··· MATERIAL SHOWN ···
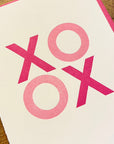 XO Letterpress Card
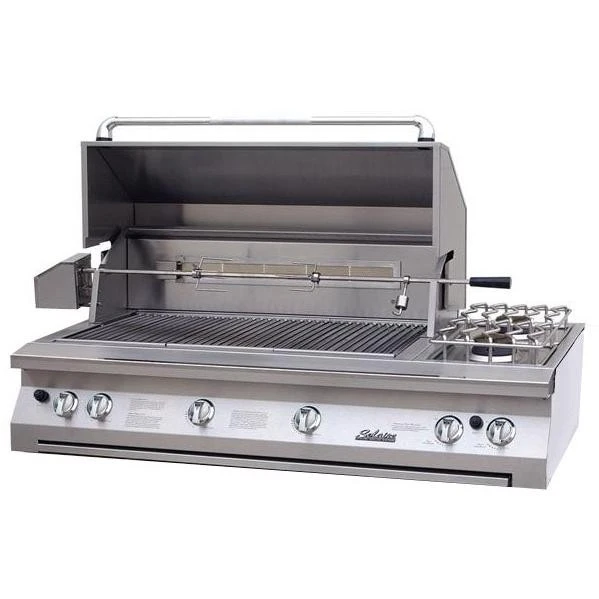 Solaire 56" InfraVection Built-in Grill, One IR Burner, Rotisserie, Double Side Burner | LP 1 Solaire 56" InfraVection Built-in Grill, One IR Burner, Rotisserie, Double Side Burner | LP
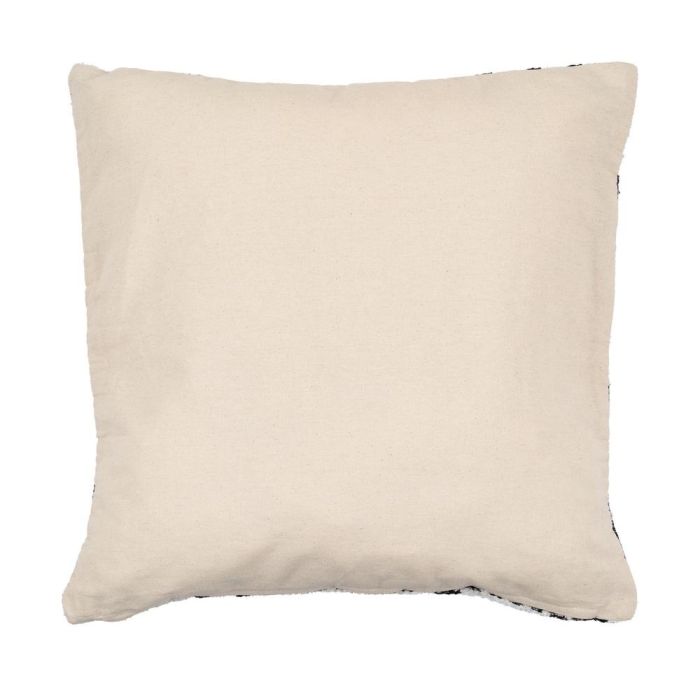 Cojín Blanco y Negro Algodón / Poliester 45 X 45 cm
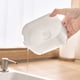 thumbnail image 5 of Dispensador de líquido para lavavajillas a presión, dispensador de jabón con esponja, caja dispensadora de jabón, dispensador de jabón con soporte para esponja, rendimiento de primer nivel, 5 of 8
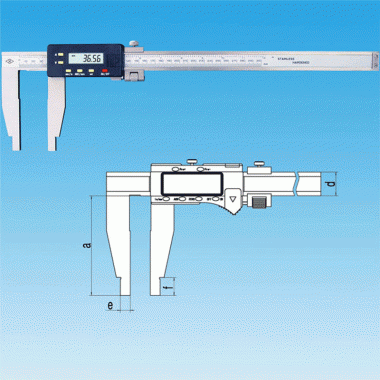 单向爪数显卡尺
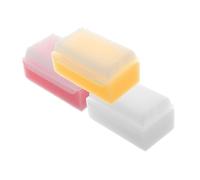 SMASOLO 3pcs Bath Brush Soft Sensory Cleaning Brush for Scalp Body Massage for Newborns Safe Durable Bath Accessories in White Yellow Pink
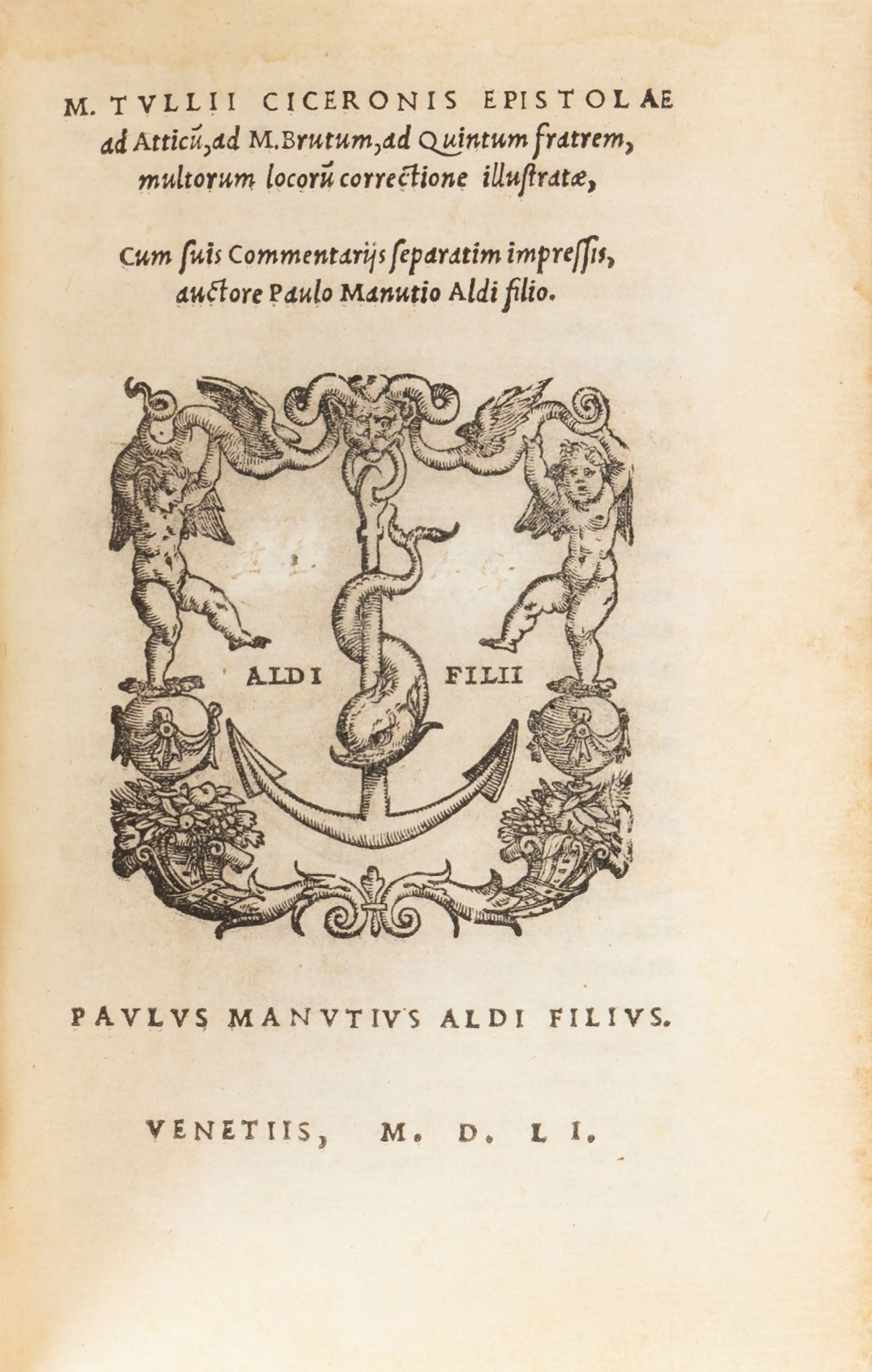 Marco Tullio Cicerone - De Philosophia - Officiorum Libri Tres - Rhetoricorum Ad C. Herennium - E...
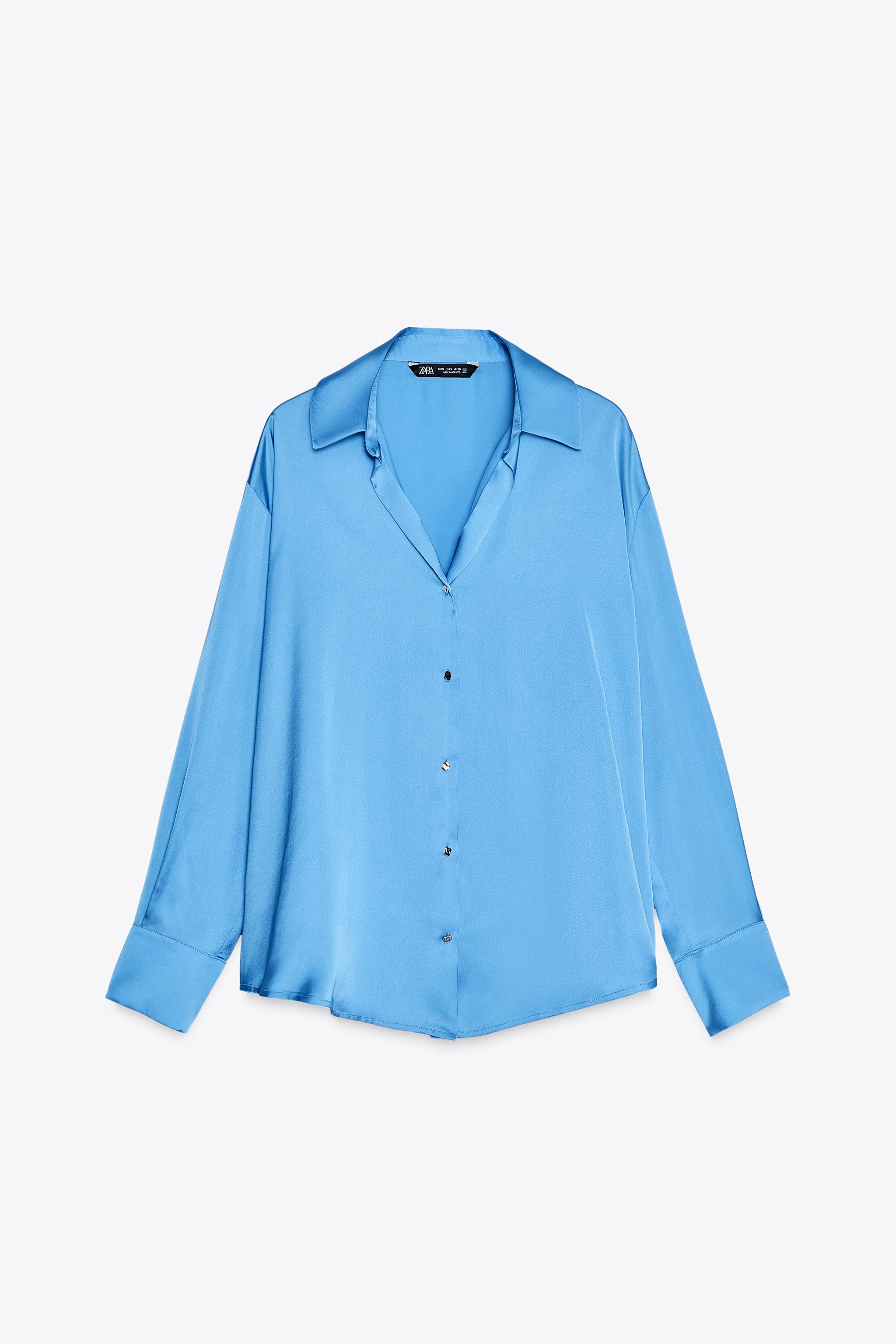 Clearance Camicia Camicia Stampa Animali Zara Camicia Satinata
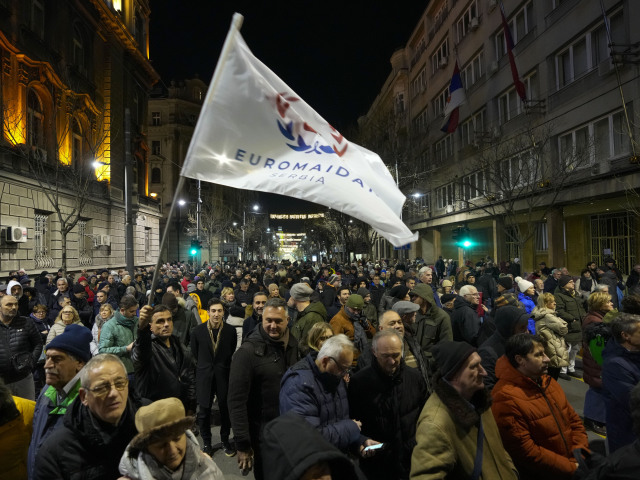 Srbsko, Belehrad, protest, voľby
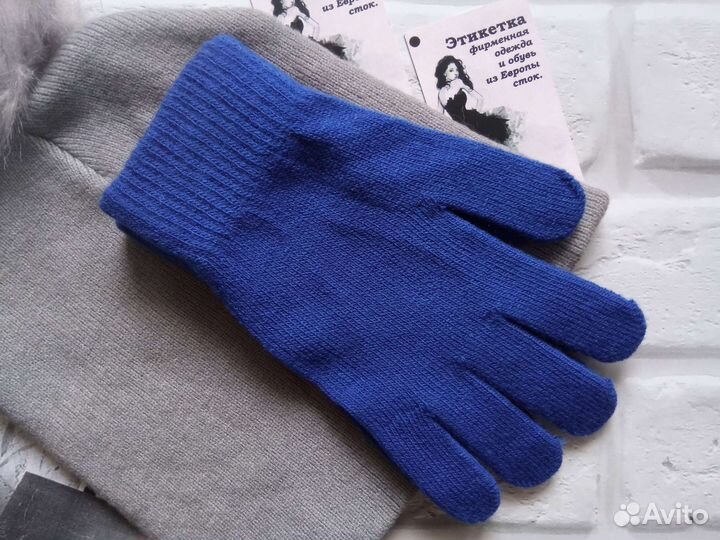 Перчатки женские/подростковые новые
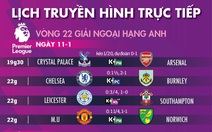 Lịch trực tiếp bóng đá châu Âu 11-1: Tâm điểm Tottenham - Liverpool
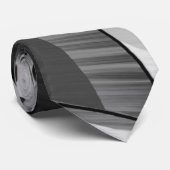 Grijze strepen op een zwart, drizzel afbeelding stropdas (Opgerold)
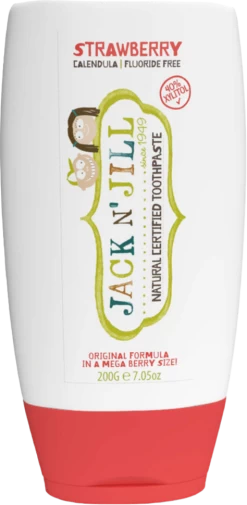 Jack&Jill Jack & Jill - Pâte à Dents Naturelle 200g, Fraise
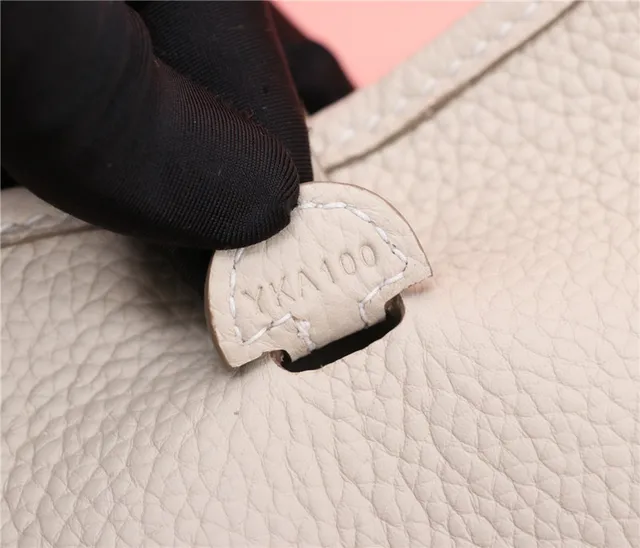 Hermès Evelyne Perforated H Tan कंधे के नीचे का बैग 12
···
*PROBLEM DESCRIPTION*:
Begin at the line containing "Marco Tullio Cicerone" and write out every line to the end of the data exactly. Skip the pictures.

*SOLUTION TO THIS TASK*:
 Marco Tullio Cicerone - De Philosophia - Officiorum Libri Tres - Rhetoricorum Ad C. Herennium - E...
 Clearance Camicia Camicia Stampa Animali Zara Camicia Satinata
 Srbsko, Belehrad, protest, voľby
 Перчатки женские/подростковые новые
 Lịch trực tiếp bóng đá châu Âu 11-1: Tâm điểm Tottenham - Liverpool
 Grijze strepen op een zwart, drizzel afbeelding stropdas (Opgerold)
 Jack&Jill Jack & Jill - Pâte à Dents Naturelle 200g, Fraise
 Hermès Evelyne Perforated H Tan कंधे के नीचे का बैग 12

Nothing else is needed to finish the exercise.